══ DATA SHOWN ══
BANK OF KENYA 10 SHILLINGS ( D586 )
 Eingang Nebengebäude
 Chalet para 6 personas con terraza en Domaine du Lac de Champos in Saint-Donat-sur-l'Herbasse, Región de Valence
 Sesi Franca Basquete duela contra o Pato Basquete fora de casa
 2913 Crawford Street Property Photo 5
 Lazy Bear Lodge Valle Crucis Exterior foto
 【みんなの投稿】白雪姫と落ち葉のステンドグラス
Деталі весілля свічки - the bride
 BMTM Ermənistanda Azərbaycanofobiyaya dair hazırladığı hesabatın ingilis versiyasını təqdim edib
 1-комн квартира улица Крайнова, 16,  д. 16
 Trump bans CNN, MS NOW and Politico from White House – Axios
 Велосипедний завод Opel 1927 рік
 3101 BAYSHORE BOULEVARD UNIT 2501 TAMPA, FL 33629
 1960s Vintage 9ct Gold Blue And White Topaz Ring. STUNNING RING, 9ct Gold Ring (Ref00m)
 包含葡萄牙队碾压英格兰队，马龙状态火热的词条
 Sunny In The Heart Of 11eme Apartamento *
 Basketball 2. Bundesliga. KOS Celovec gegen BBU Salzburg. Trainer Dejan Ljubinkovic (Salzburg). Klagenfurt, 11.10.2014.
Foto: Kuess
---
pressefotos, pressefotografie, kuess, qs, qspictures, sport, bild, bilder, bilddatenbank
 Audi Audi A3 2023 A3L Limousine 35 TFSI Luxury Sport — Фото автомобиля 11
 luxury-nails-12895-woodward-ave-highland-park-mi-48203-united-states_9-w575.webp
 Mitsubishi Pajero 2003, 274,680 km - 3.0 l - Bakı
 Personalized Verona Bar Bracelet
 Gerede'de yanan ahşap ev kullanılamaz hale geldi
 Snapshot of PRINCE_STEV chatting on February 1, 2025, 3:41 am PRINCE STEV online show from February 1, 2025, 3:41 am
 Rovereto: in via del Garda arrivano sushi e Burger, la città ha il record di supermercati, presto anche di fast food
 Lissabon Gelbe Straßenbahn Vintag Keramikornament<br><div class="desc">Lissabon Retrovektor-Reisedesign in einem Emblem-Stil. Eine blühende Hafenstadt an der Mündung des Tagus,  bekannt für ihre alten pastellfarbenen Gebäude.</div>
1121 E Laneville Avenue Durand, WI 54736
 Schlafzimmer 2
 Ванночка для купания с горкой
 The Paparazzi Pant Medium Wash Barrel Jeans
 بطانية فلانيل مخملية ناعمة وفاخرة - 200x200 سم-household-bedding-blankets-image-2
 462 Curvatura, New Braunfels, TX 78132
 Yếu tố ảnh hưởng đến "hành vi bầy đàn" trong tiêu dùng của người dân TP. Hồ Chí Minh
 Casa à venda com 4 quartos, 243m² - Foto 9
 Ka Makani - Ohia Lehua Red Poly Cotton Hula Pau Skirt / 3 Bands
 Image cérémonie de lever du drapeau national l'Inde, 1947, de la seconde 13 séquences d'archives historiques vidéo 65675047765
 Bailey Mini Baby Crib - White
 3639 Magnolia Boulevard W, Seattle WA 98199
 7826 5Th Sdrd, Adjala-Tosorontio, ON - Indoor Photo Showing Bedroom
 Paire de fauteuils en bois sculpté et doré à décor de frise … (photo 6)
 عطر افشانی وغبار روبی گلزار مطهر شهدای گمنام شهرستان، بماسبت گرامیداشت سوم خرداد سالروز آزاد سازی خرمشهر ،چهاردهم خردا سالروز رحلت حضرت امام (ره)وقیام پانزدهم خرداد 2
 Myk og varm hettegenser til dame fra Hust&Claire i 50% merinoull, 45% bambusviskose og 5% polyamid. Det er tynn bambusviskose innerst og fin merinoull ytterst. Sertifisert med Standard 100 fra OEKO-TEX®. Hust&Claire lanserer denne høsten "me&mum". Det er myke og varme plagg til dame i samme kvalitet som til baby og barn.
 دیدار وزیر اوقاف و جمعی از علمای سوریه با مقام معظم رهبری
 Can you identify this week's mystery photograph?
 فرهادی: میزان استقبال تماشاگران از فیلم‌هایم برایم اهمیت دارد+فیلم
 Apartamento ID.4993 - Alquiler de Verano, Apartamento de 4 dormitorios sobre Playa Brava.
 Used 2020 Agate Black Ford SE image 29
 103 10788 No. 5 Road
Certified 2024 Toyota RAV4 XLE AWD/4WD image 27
═══
Scan the material above and copy every line that holds the string "from".

 Trump bans CNN, MS NOW and Politico from White House – Axios
 Snapshot of PRINCE_STEV chatting on February 1, 2025, 3:41 am PRINCE STEV online show from February 1, 2025, 3:41 am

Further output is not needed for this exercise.